In this exercise, each record below is to be written out again exactly.

-------

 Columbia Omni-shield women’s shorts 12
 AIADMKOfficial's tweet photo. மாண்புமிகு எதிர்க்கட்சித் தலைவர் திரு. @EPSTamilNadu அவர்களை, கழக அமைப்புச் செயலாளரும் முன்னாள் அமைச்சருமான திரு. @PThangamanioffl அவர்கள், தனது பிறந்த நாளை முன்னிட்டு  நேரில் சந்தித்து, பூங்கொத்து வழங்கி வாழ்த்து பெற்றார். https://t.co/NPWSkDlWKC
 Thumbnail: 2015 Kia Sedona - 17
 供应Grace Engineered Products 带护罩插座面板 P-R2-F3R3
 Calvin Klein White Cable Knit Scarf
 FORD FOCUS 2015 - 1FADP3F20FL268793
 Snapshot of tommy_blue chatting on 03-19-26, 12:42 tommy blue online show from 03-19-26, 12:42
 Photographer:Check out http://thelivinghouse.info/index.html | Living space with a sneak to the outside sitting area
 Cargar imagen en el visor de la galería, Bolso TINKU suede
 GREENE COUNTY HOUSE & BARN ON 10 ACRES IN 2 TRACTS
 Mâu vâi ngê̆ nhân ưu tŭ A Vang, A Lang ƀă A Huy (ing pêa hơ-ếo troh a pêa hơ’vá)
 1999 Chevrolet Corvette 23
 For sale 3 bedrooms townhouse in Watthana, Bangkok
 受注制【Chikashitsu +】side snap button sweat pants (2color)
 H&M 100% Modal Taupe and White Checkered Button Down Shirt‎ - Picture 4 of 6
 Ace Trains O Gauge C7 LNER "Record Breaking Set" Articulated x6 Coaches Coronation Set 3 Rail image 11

-------

▶ WRITTEN ANSWER:
 Columbia Omni-shield women’s shorts 12
 AIADMKOfficial's tweet photo. மாண்புமிகு எதிர்க்கட்சித் தலைவர் திரு. @EPSTamilNadu அவர்களை, கழக அமைப்புச் செயலாளரும் முன்னாள் அமைச்சருமான திரு. @PThangamanioffl அவர்கள், தனது பிறந்த நாளை முன்னிட்டு  நேரில் சந்தித்து, பூங்கொத்து வழங்கி வாழ்த்து பெற்றார். https://t.co/NPWSkDlWKC
 Thumbnail: 2015 Kia Sedona - 17
 供应Grace Engineered Products 带护罩插座面板 P-R2-F3R3
 Calvin Klein White Cable Knit Scarf
 FORD FOCUS 2015 - 1FADP3F20FL268793
 Snapshot of tommy_blue chatting on 03-19-26, 12:42 tommy blue online show from 03-19-26, 12:42
 Photographer:Check out http://thelivinghouse.info/index.html | Living space with a sneak to the outside sitting area
 Cargar imagen en el visor de la galería, Bolso TINKU suede
 GREENE COUNTY HOUSE & BARN ON 10 ACRES IN 2 TRACTS
 Mâu vâi ngê̆ nhân ưu tŭ A Vang, A Lang ƀă A Huy (ing pêa hơ-ếo troh a pêa hơ’vá)
 1999 Chevrolet Corvette 23
 For sale 3 bedrooms townhouse in Watthana, Bangkok
 受注制【Chikashitsu +】side snap button sweat pants (2color)
 H&M 100% Modal Taupe and White Checkered Button Down Shirt‎ - Picture 4 of 6
 Ace Trains O Gauge C7 LNER "Record Breaking Set" Articulated x6 Coaches Coronation Set 3 Rail image 11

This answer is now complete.